Ibrahim si rende conto che sua figlia lo ha superato nell’arte della salmodia. Ma continua a imporle le sue volontà, tra cui indossare abiti maschili durante le esibizioni. Le cantanti che mostrano anche solo le loro braccia vogliono distogliere l’attenzione degli ascoltatori. Impone anche che sua figlia canti senza accompagnamento musicale. La sua sola voce è strumento di Dio.

Ma i suoi maestri, Zakaria Ahmed e Abu El Ala Mohamed, le insegnano canzoni d’amore come Perché sono innamorato.

Pensano che attraverso di lei si possa far nascere una nuova canzone, più moderna e ritmata. Una canzone che dia voce a quelle dei poeti egiziani che sono stati a Parigi come Ahmed Rami, e che hanno studiato i grandi autori classici come Omar Khayyam. La voce di chi cerca nella cultura egiziana le basi di un modernismo orientare.
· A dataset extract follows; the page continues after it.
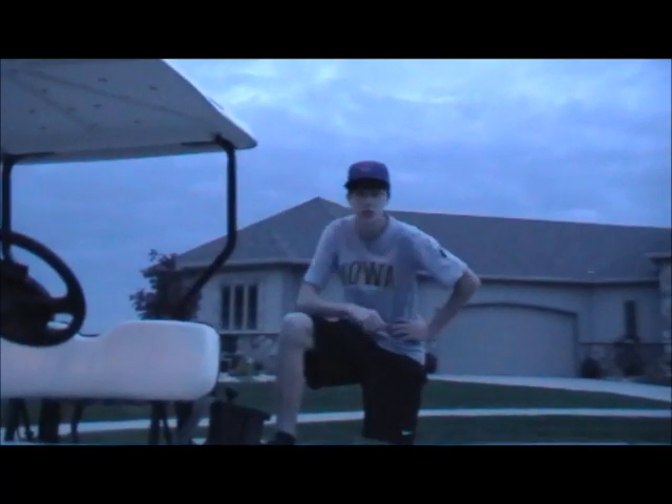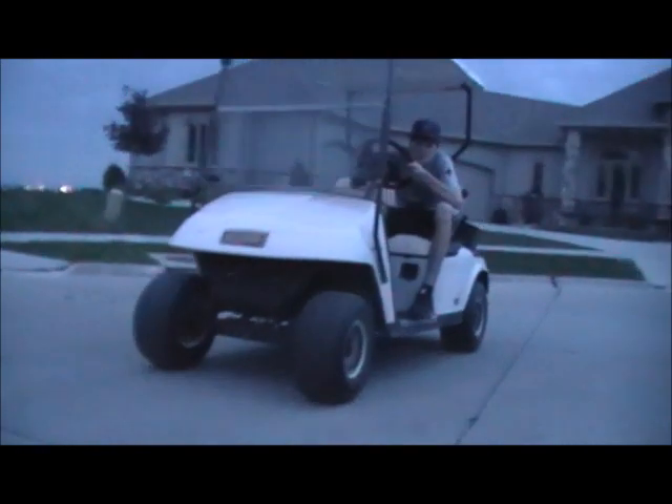Did I mention this golf cart's made by Range Rover, so it can go over anything? This rock. This stick. I might need a running start for this one. This hobo.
Di chi vuole attuare una rivoluzione, la Nahada, per rinnovare la poesia, la musica, il romanzo, la filosofia, la politica e l’Islam.

Gli eventi della politica egiziana vedono ancora protagonista Zaghlūl che, nel 1924, prende parte alle elezioni sotto il simbolo del partito Wafd e le vince con una schiacciante maggioranza. Diventa Primo ministro ed è l’eroe di tutti.

Una sera, alcuni amici invitano il poeta Rami ad ascoltare Thuma, ormai Oum Kaltoum, al Theatre de la Pelote basque. Sa che lei interpreta le sue poesie, ma mai avrebbe pensato di restare così impressionato dalla forza con cui le canta. Canzoni come Io mi sacrificherei per mantenere il suo amore per me o Pensami. [https://www.youtube.com/watch?v=oDrPsZxk-WM] Vuole assolutamente conoscerla. Circondata dal padre, dal fratello e da Abu El Ala Mohamed, suo maestro, lei è molto emozionata. “Il mio più grande onore – le dice Rami – è che tu possa continuare a cantare le mie canzoni […] Io spero che tu scriva per me – risponde lei –. Sarei davvero onorata di poter cantare il nostro più grande poeta romantico” [Y. Saïah-Baudis, p. 60]. Così Ahmed Rami, Abu El Ala Mohamed in poesia, Zakaria Ahmed e Mohamed El Kasabji in musica, i migliori professori del Cairo, sono al lavoro per Oum Kalsoum. Le poesie di Rami, che ha studiato letteratura francese alla Sorbona, sono forse troppo elaborate, esprimono temi sublimi con un linguaggio colto per un pubblico non istruito. Ma lui è il più grande poeta egiziano che scrive parole per lei, che per lungo tempo ha avuto come pubblico la gente semplice del suo villaggio. Cercherà parole meno ricercate per raccontare quei temi. Ogni giorno le insegna nuove poesie, le dischiude un mondo di parole e di pensieri sconosciuti: le poesie diventano canzoni che parlano d’amore e di passione. Il fratello le grida di vergognarsi, per il suo comportamento sconveniente e indegno. Anche il padre appare contrariato. Odia gli uomini di spettacolo e gli intellettuali perché le stanno attorno, perché l’hanno guastata facendole cantare canzoni indecenti che, invece di esaltare Dio, parlano di amore carnale. Sono uomini senza valore e dignità, senza un pensiero religioso. Con loro parla solo di soldi, delle ricompense che devono alla figlia. A lei è proibito.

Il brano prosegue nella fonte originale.